Before the thought of Athos could bring gloom to his mind anew, D’Artagnan motioned with his hand and spoke, in a controlled shout, to be heard through the cloak and the hoofbeats of the horses they led by the rein, “There’s a stable there. With sheep. Well, a ruin where someone keeps sheep. I say we try to lodge there for a few hours.”
Another admirable trait of Planchet’s was that he never argued without need but often thought of things even D’Artagnan overlooked. He started following D’Artagnan’s path but turned. “You know, monsieur, there’s a good chance there will be a guard—”

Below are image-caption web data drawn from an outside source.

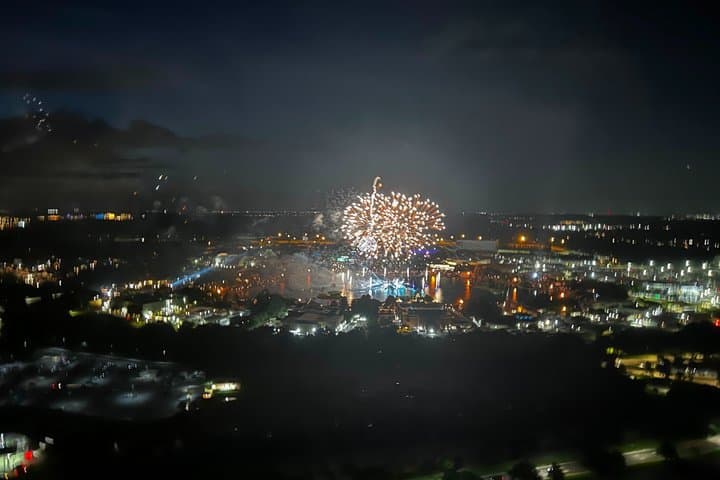 Private Helicopter 77 Miles Fireworks Tour over all Theme Parks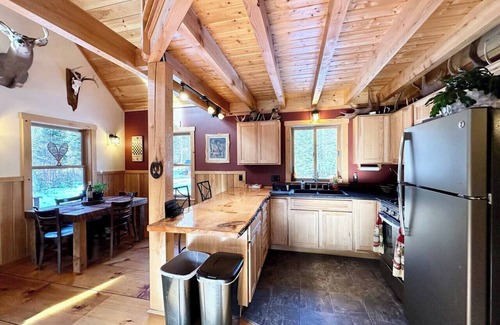 The Forks House | Pet-Friendly Caddis Ridge Camp in West Forks Awaits You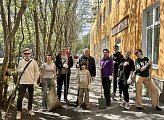 Роман Пономарев принял участие в субботнике во дворах домов 18 на проспекте Ленина и 5 на улице Полярной Дивизии в Мурманске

“I know. We’ll bribe him.”
“Monsieur!” this was said with dismay. “I meant a guard dog. I doubt there will be a human guard this far out of Paris. They probably all know each other and sheep and cattle thieves tend to have a short life in this region. But a guard dog, they’ll have. The same sheep dog that accompanies the creatures in the summer.”
“Oh,” D’Artagnan said, at a loss. And stopped, because he didn’t know what else to say. His family had dogs, shaggy, shambling brutes that served equally to guard the sheep and to accompany his father on his hunts, and who were dreadful at both tasks, but nonetheless very cheerful in their incompetence. Always ready with lolling tongues and panting goodwill to welcome the son of the house and fetch a stick for him, or, when he was older, to follow him on a mad run through the fields.
He had an idea a strange sheep dog would not be anywhere near so friendly. And he had no experience of unfriendly dogs. His family being the most important in their small hamlet, it was respected enough that dogs were taught not to attack young D’Artagnan.
He frowned at Planchet. “Well…All the same, we have to try to stay there overnight, because…”
Planchet shook his head again, as though D’Artagnan had completely misunderstood him. “I don’t mean we shouldn’t. What I meant to ask was…well…I saved some of the sausage from yesterday’s dinner. I thought we might get hungry on the way and…not have much time to dine by sleeping. And I thought…If you’d give me your permission, I could use it as another sort of bribe for the dog. In my father’s farm…well…I have experience of dogs.”
D’Artagnan couldn’t help laughing a little—just a chuckle in his throat. “Of course you may bribe the dog with the sausage. I didn’t even know we had any left. I supposed you had eaten it.”
Planchet nodded. He wiped his dripping nose on the back of his hand. “If monsieur wouldn’t mind, then, I’ll go ahead of you, and calm the dog. If the door is locked, I’ll open the padlock. It is not a problem.”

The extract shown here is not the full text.